The second half of the twentieth century has seen developments that both strengthen and weaken the enclave nature of the Roman Jewish community. In 1967 approximately 3000 Jews immigrated to Rome from Libya in the wake of the Six-Day War (Jewish Quarter online). These Jews, although very religious, were predominantly professional and accustomed to modern culture, and fostered openness of the ghetto neighborhood. Conversely, Jewish community was still treated as a separate entity from the rest of Rome by the Italian state, the papacy, and terrorists. The Italian Republic and the Union of the Italian Jewish Communities developed an Understanding in 1987 that exempted Jewish students in public schools from attending religious instruction, allowed Jews in the civil service to request to not work on Shabbat, recognized some social service organizations operated by the Union, and the like (UCEI: Unione delle Comunità Ebraiche Italiane online). Pope John Paul II also treated the new Head Rabbi Ricardo Di Segni of the Jewish Community as a leader of a foreign community, one that has merely “lived side by side” with the Catholic community (Address to Dr Ricardo Di Segni online). Moreover, terrorists in the Abu Nidal Organization attacked the Tempio Maggiore in October 1982 with grenades and machine guns, killing a small child (Abu Nidal Organisation online) and reaffirming the status of the Synagogue as the symbol of the Jewish community. There are approximately 16,000 Jews living in Rome today (Jewish Museum of Rome).

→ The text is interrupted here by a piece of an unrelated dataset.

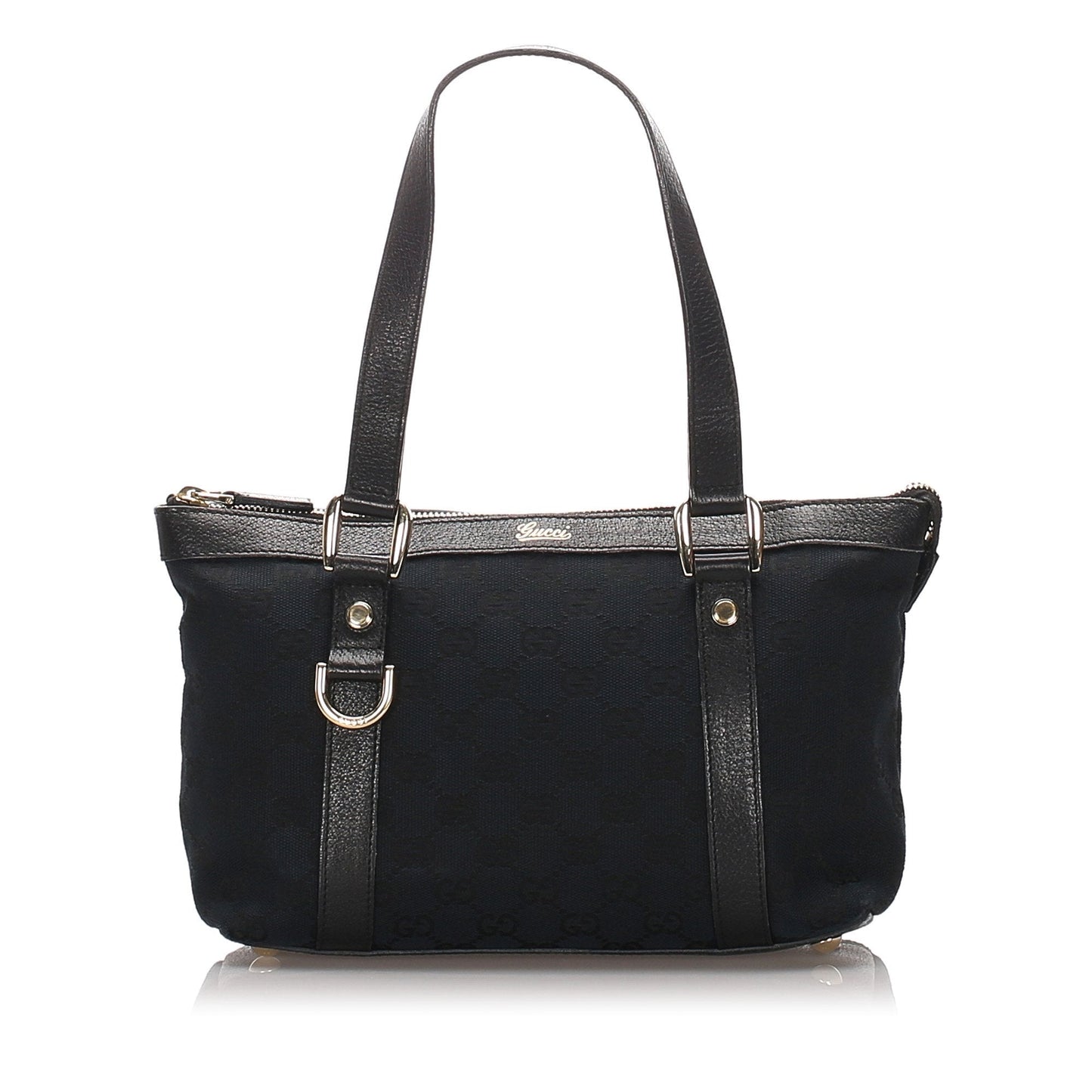 Gucci Black Leather Canvas Tote Style 9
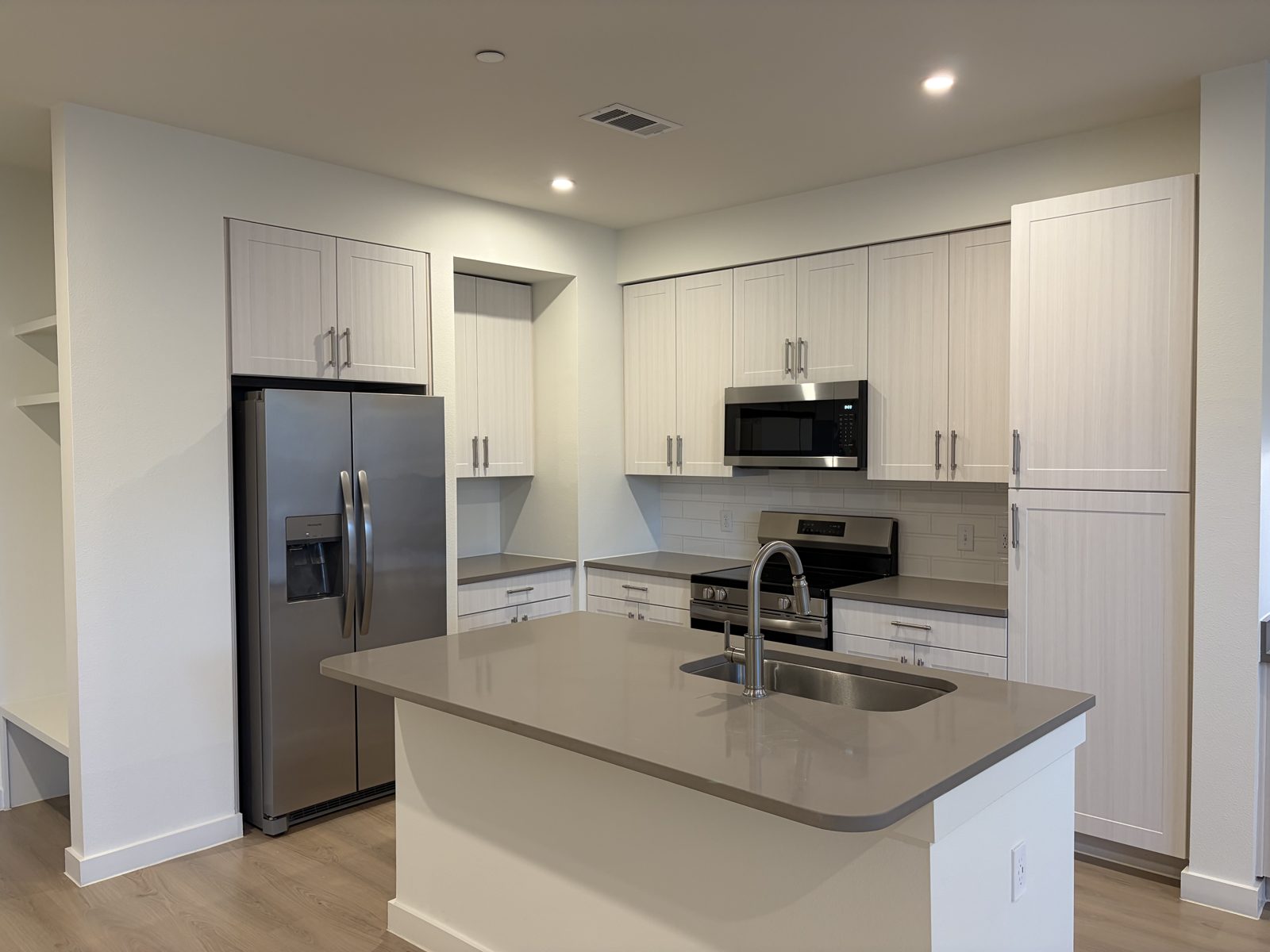 A kitchen in one of the apartments at The Parker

The specific area considered as the Jewish ghetto neighborhood (or simply “the ghetto”) in this study lies between Via de Botteghe Oscure on the north, Lungotevere dei Cenci on the south, Via Arenula on the west, and the Theater of Marcellus ruins and Via de Teatro on the east. It is approximately 500 m  750 m, laced with a combination of wide and narrow streets and punctuated infrequently by piazze. Many buildings appear very old—peeling paint or no paint at all, thick wooden doors, small round windows, circular towers, bars on the windows of the ground story—while others appear to have been newly restored. In fact, there are interior renovation projects in progress all over the ghetto.

People on the streets and in the shops generally seem to be middle- or lower middle-class, based on their relatively conservative and unstylish clothes, the lack of expensive cars parked in public, and the relatively low prices in the restaurants. For the most part they appear to be ethnically Italian, with minorities of Eastern Europeans and Arabs. During the day most people on the streets are over 50 years of age or under 20, while at night people in their 20s–40s stroll in pairs (either same-sex or male and female). Essentially the only language spoken is Italian; although employees of the Jewish Museum speak passable English and some kosher restaurants have posted signs in Hebrew, even the employees of a bookstore that sells English-language books do not speak English.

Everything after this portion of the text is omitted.